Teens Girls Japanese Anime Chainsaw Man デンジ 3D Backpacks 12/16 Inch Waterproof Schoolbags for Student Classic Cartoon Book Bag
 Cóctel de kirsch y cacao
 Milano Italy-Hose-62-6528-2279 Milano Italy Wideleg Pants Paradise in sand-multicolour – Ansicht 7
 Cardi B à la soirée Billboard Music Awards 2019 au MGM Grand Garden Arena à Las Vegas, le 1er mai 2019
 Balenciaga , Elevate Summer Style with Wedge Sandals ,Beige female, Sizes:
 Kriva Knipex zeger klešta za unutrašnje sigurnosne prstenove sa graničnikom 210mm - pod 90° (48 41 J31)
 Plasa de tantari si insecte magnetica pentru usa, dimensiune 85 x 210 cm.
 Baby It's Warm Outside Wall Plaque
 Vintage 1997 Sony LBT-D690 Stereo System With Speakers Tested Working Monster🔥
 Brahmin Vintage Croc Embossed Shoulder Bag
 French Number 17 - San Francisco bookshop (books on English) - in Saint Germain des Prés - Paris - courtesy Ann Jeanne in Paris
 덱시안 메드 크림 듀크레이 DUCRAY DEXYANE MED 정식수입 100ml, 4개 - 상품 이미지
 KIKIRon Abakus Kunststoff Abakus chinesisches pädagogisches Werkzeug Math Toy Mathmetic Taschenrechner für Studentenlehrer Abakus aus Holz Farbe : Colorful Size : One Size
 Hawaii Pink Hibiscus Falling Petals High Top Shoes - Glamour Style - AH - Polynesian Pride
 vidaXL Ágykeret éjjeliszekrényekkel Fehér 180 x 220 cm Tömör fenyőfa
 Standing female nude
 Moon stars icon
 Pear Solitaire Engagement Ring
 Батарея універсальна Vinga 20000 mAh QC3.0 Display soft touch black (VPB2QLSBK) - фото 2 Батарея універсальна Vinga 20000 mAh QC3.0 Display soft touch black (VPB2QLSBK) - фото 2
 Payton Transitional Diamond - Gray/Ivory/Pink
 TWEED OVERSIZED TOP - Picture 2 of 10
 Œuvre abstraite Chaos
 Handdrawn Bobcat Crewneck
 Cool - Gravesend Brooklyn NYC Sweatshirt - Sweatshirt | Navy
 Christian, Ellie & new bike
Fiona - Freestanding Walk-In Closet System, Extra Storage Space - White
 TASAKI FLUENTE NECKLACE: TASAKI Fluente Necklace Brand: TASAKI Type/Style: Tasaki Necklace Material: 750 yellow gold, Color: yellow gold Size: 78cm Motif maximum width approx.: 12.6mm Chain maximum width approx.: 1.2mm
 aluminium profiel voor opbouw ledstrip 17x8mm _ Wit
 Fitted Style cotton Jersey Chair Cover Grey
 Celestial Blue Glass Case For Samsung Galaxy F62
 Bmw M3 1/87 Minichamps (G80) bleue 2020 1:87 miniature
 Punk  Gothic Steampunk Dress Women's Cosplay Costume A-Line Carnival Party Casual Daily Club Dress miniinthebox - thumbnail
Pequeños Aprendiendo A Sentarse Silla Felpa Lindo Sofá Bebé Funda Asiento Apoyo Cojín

→ **WHAT THE TASK ASKS**:
From the data above, report how many lines hold the word "female", answering with the number by itself.

→ **WRITTEN RESPONSE**:
2